U.S. labor markets are still struggling to gain traction this summer, even though it will soon be three years of expansionary policy by the government. At the time of writing this articles, the jobs report was about to be released and S&P futures had already started trending down ahead of the data.
Looking at the non-farm numbers since January 2012, we have seen a significant downward trend so far already. Since the past three months, a total of 225,000 non-farm jobs were gained, less than the single month figures of January and February!
Details from Friday's Job Report
- Non-farm payrolls were 80,000 vs. 100,000 that was expected.
- Private sector jobs disappointed as well, at 84,000 vs. the expected 105,000.
Note: Initial consensus was 82,000 but the number was revised ahead of the report.
- Unemployment rate stays at 8.2%.
- Highest growth sectors in terms of jobs, were Temporary help (25,000), Professional and Technical services (18,000), and Healthcare (11,000).
- Durable manufacturing industry gained 14,000 jobs.
- Durable goods industry gained 13000 jobs.
- Construction industry gained 2000 new jobs, also first YTD increase.
- Federal and State Government payrolls contracted.
- Education jobs decreased by 14,000 (maybe summer has something to do with this, so hopefully temporary).
What this means to us
If you have ever taken your kid to Chuck E. Cheese, you probably remember that Smash-A-Munch game where you use a hammer to smash those little monsters popping their heads out of a board. The Europe situation is similar -- the leaders try to hammer down one problem, and another rears it's head. And it appears this will continue for a while.
The European leaders have had as many as 19 meetings to discuss a resolution for their sovereign debt levels, and they have yet to come up with something solid and comprehensive and investors are running out of confidence.
In the U.S., the investor community has already been murmuring about the "fiscal cliff" and the whispers are getting louder. Over the past year and half, politicians in the U.S. have behaved childishly, causing a great deal of harm to the investment community indirectly. 2012 is the election year, so this pseudo battle related to fiscal and monetary policies (or any other policies for that matter) between the Democrats and Republicans will continue going into the Q4 of 2012.

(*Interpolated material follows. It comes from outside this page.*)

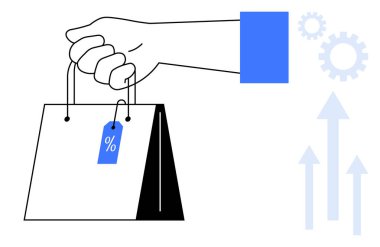Yüzdelik etiketli el çantası, dişliler ve yükselen oklar alışverişi, indirimi, iş büyümesini, pazarlamayı, e-ticareti, perakende başarısını, basit düz metaforu simgeliyor.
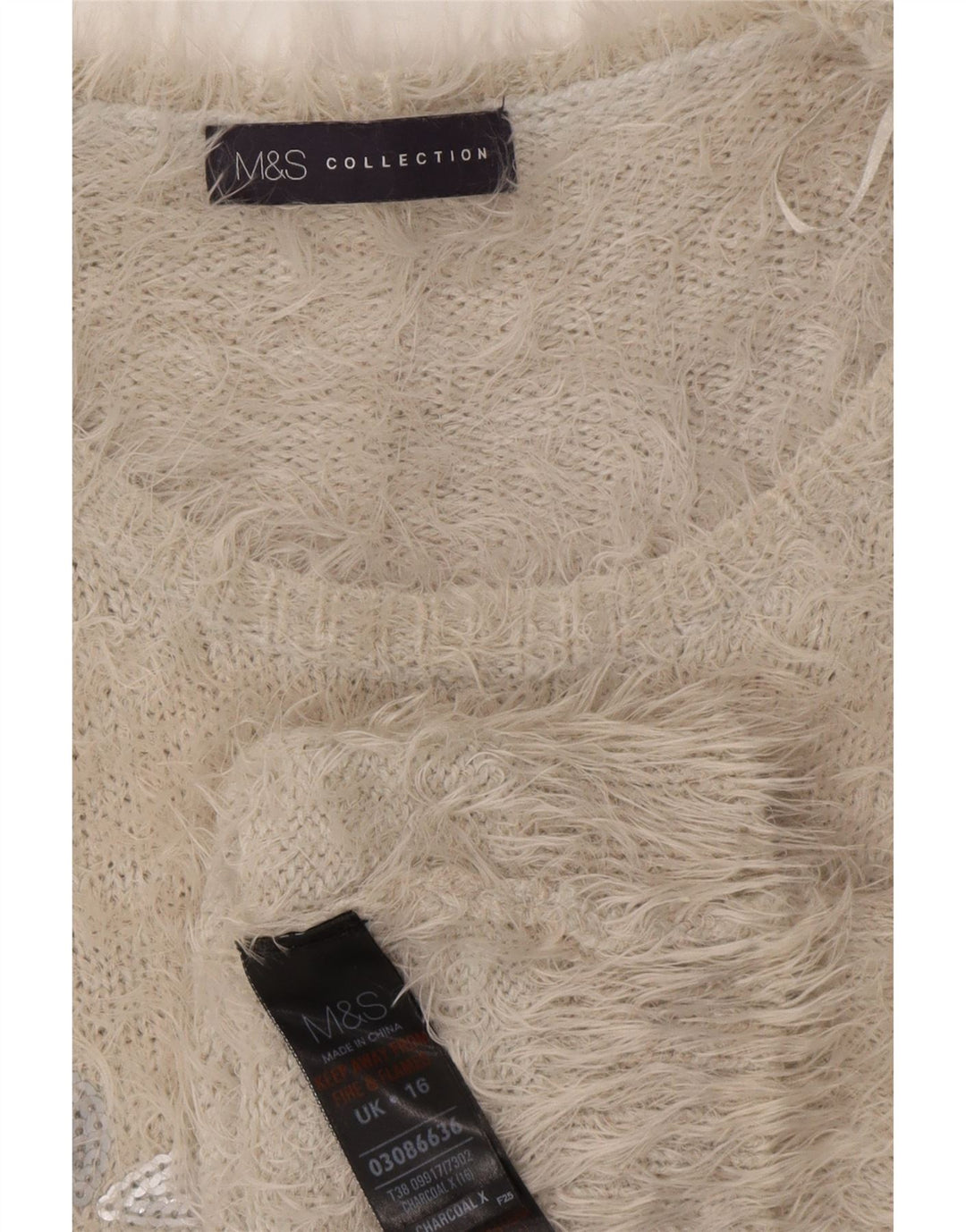 Marks & Spencer Damski sweter z dekoltem w łódkę UK 16, duży, szary w kwiaty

Then in China, new PMI numbers and the government's interest rate cut only suggest a further contraction in PMI and more softened data in the summer.
In this sad macroeconomic environment, it is likely that average job growth for 2012's second half will stay around a dismal 125,000 number. From the government's standpoint, the rate of return on their investment (read stimulus) is quite dismal considering they have been lending a helping hand for three years now.

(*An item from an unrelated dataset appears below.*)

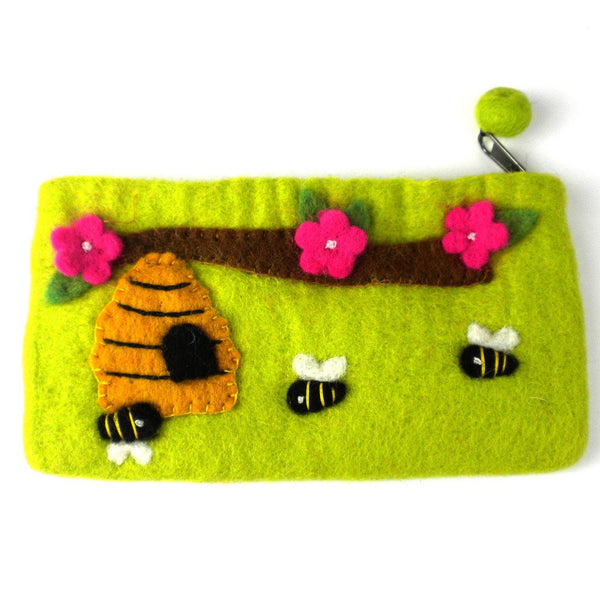 Handmade Green Bee Felt Clutch - Global Groove (P)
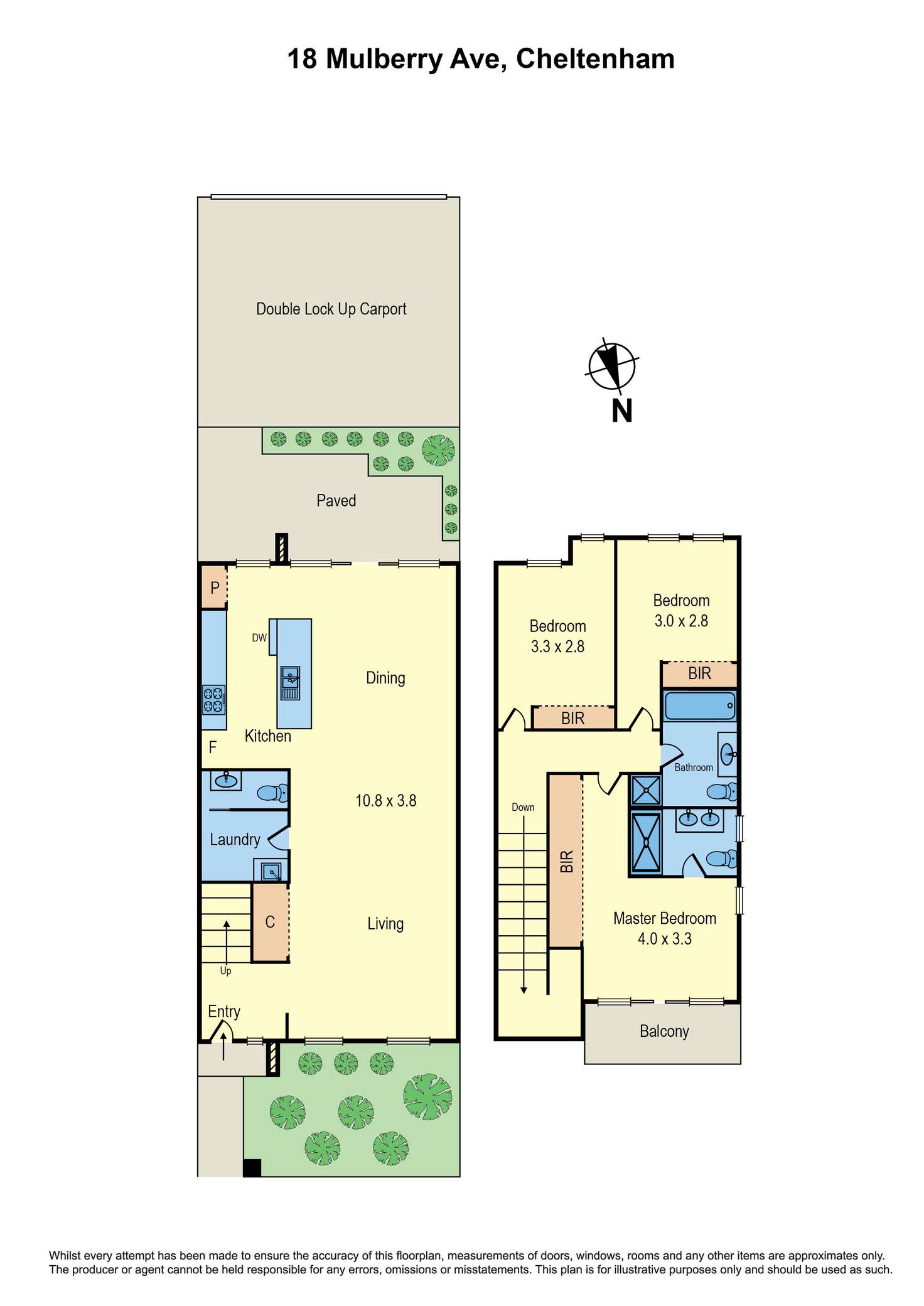 Floorplan of Homely townhouse listing, 18 Mulberry Avenue, Cheltenham VIC 3192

Inflation expectations are still a bit high but note that a downward trend has started, and it seems that late summer might see more weakness. If this continues, Uncle Sam would have no choice but to us a gift of QE.
Like the maker of the killer gun AK-47 regretted coming up with his own invention that is now used to kill innocent lives, John Maynard Keynes could be very well regretting his own theory from his grave. The market has got so used to stimulus that it is forgetting to behave on its own.
After three years of various expansionary monetary policy measures, we are seeing disappointing growth in jobs. How do we know whether another QE will help?
The best scenario for the U.S. is if the labor markets start seeing organic growth and stop relying on government stimulus.
Friedrich Hayek must be smiling in his own grave.